- **EXTRACTED RECORDS**:
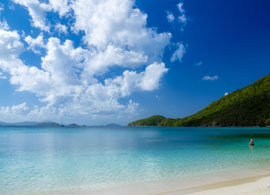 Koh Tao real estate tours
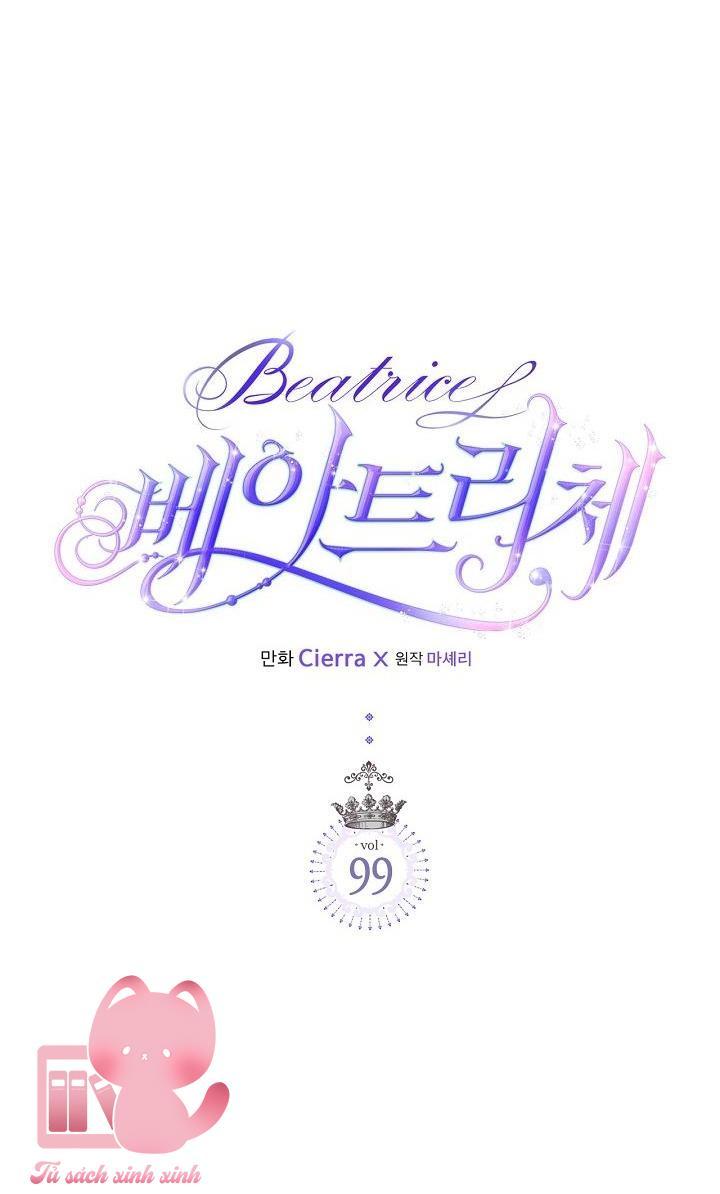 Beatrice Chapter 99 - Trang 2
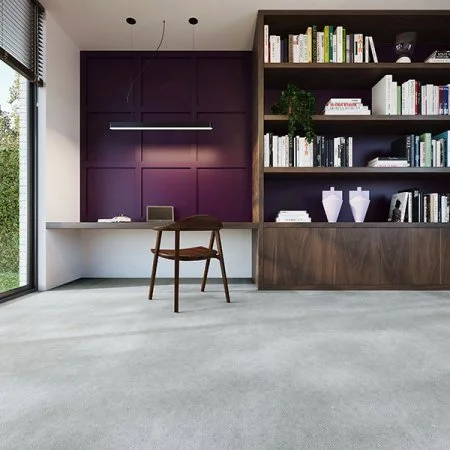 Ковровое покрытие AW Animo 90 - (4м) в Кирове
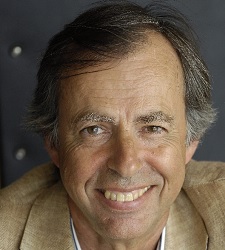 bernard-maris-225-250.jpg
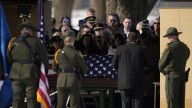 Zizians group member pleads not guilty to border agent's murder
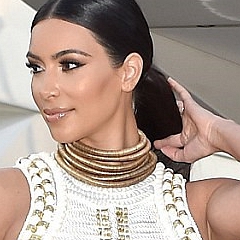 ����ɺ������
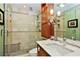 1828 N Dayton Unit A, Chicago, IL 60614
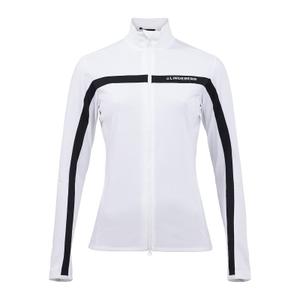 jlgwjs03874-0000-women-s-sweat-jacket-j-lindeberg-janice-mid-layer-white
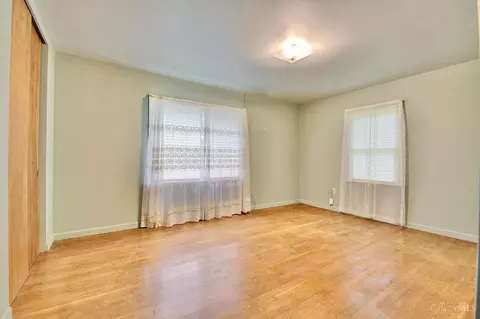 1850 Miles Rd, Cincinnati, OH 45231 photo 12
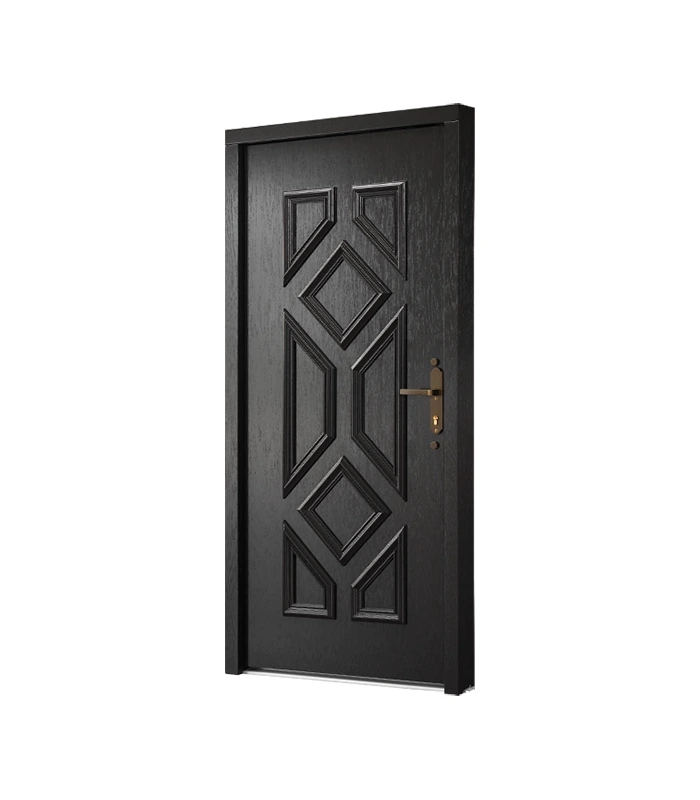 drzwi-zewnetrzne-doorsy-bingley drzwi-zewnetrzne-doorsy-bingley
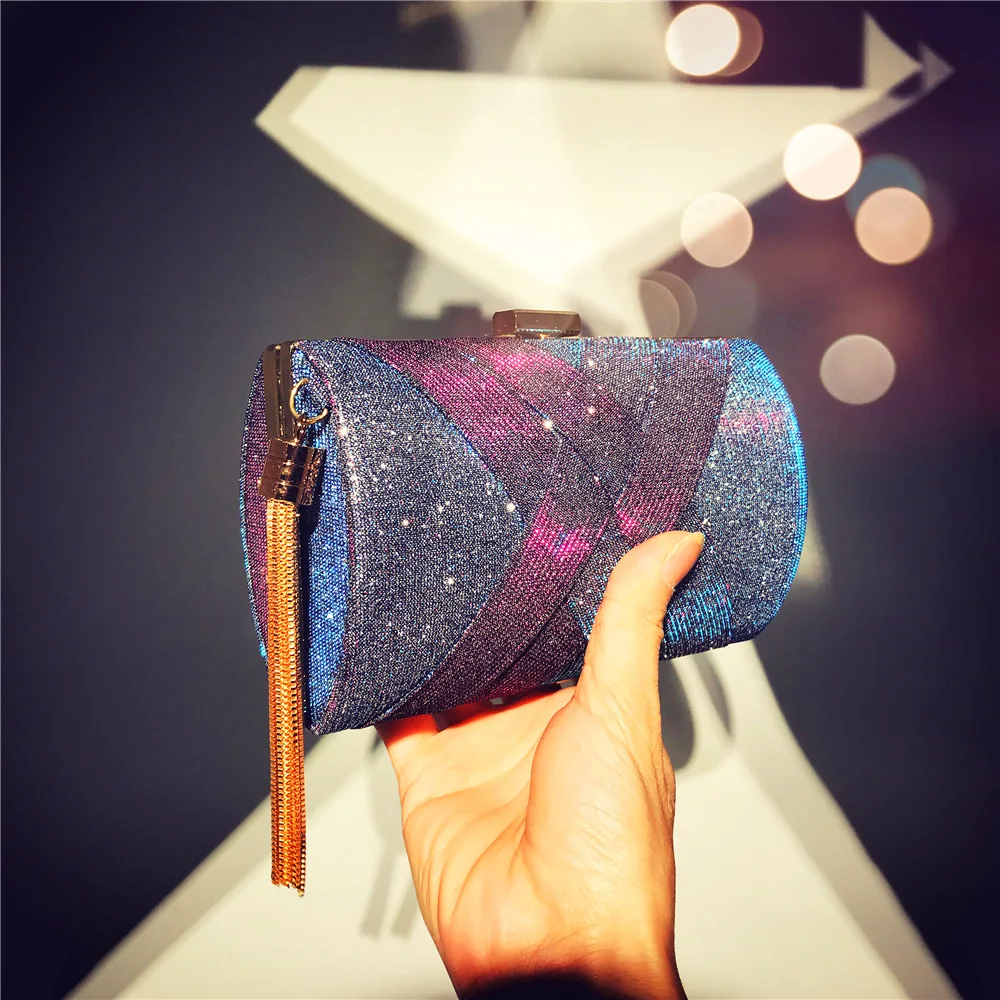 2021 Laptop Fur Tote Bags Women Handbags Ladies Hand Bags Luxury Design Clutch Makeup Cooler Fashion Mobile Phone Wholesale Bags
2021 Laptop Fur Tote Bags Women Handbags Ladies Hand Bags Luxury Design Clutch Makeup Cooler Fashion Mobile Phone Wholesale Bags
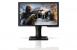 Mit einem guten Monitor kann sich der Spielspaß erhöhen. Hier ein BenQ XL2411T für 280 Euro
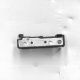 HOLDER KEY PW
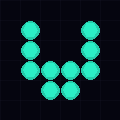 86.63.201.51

- **WHAT IS NEEDED**: Exact repetition of all the records is required, with the pictures excluded.

- **ANSWER BOX**:
 Koh Tao real estate tours
 Beatrice Chapter 99 - Trang 2
 Ковровое покрытие AW Animo 90 - (4м) в Кирове
 bernard-maris-225-250.jpg
 Zizians group member pleads not guilty to border agent's murder
 ����ɺ������
 1828 N Dayton Unit A, Chicago, IL 60614
 jlgwjs03874-0000-women-s-sweat-jacket-j-lindeberg-janice-mid-layer-white
 1850 Miles Rd, Cincinnati, OH 45231 photo 12
 drzwi-zewnetrzne-doorsy-bingley drzwi-zewnetrzne-doorsy-bingley
 2021 Laptop Fur Tote Bags Women Handbags Ladies Hand Bags Luxury Design Clutch Makeup Cooler Fashion Mobile Phone Wholesale Bags
2021 Laptop Fur Tote Bags Women Handbags Ladies Hand Bags Luxury Design Clutch Makeup Cooler Fashion Mobile Phone Wholesale Bags
 Mit einem guten Monitor kann sich der Spielspaß erhöhen. Hier ein BenQ XL2411T für 280 Euro
 HOLDER KEY PW
 86.63.201.51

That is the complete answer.